◆ Data section:

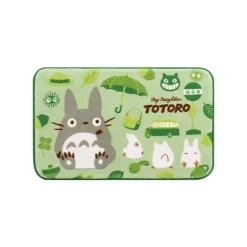 Maison Ghibli Totoro Garden Carpet 50 X 80 Cm - My Neighbor Totoro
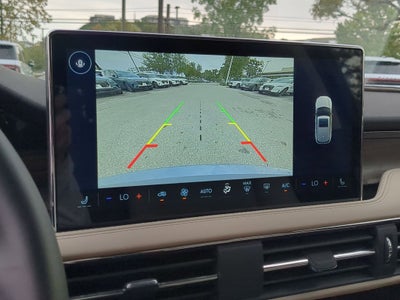 2026 Lincoln Corsair Grand Touring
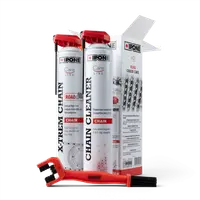 IPONE Kit Curatere+Ungere On Road - Perie GRATUITA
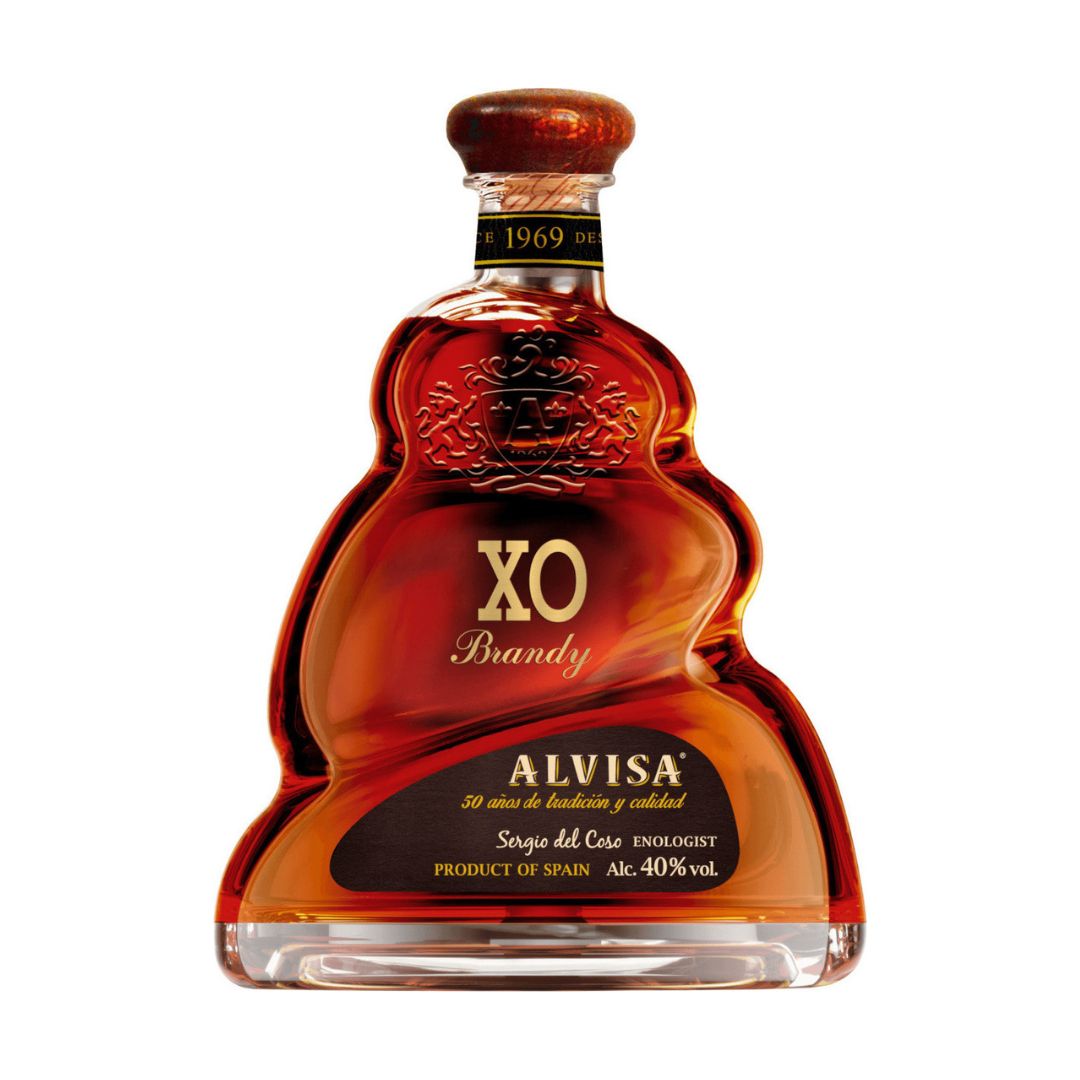 ALVISA XO 75CL GoBooz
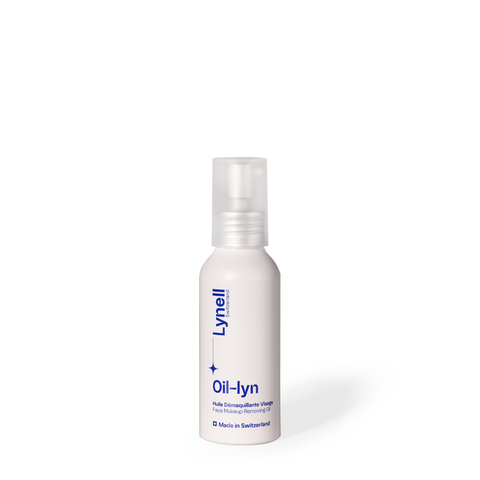 Huile démaquillante Visage Oil-lyn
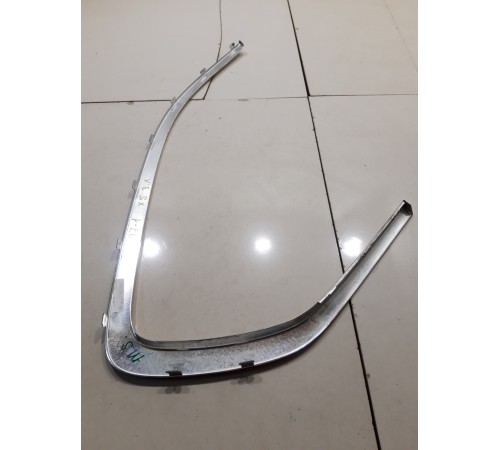 Молдинг глухого стекла задний левый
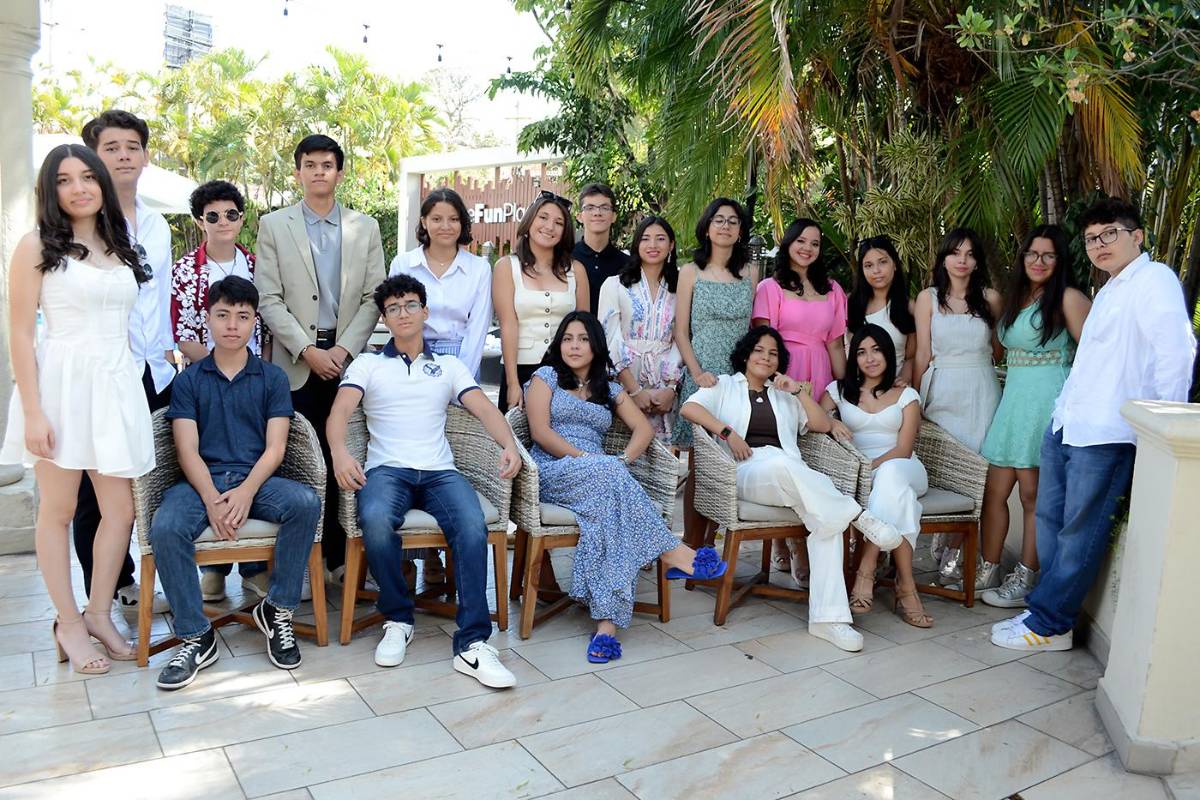 Despedida para los seniors 2025 de Summer Hill School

◆ Exercise directions: Print out the whole listing word for word. Leave the pictures out.

◆ Answer space:
 Maison Ghibli Totoro Garden Carpet 50 X 80 Cm - My Neighbor Totoro
 2026 Lincoln Corsair Grand Touring
 IPONE Kit Curatere+Ungere On Road - Perie GRATUITA
 ALVISA XO 75CL GoBooz
 Huile démaquillante Visage Oil-lyn
 Молдинг глухого стекла задний левый
 Despedida para los seniors 2025 de Summer Hill School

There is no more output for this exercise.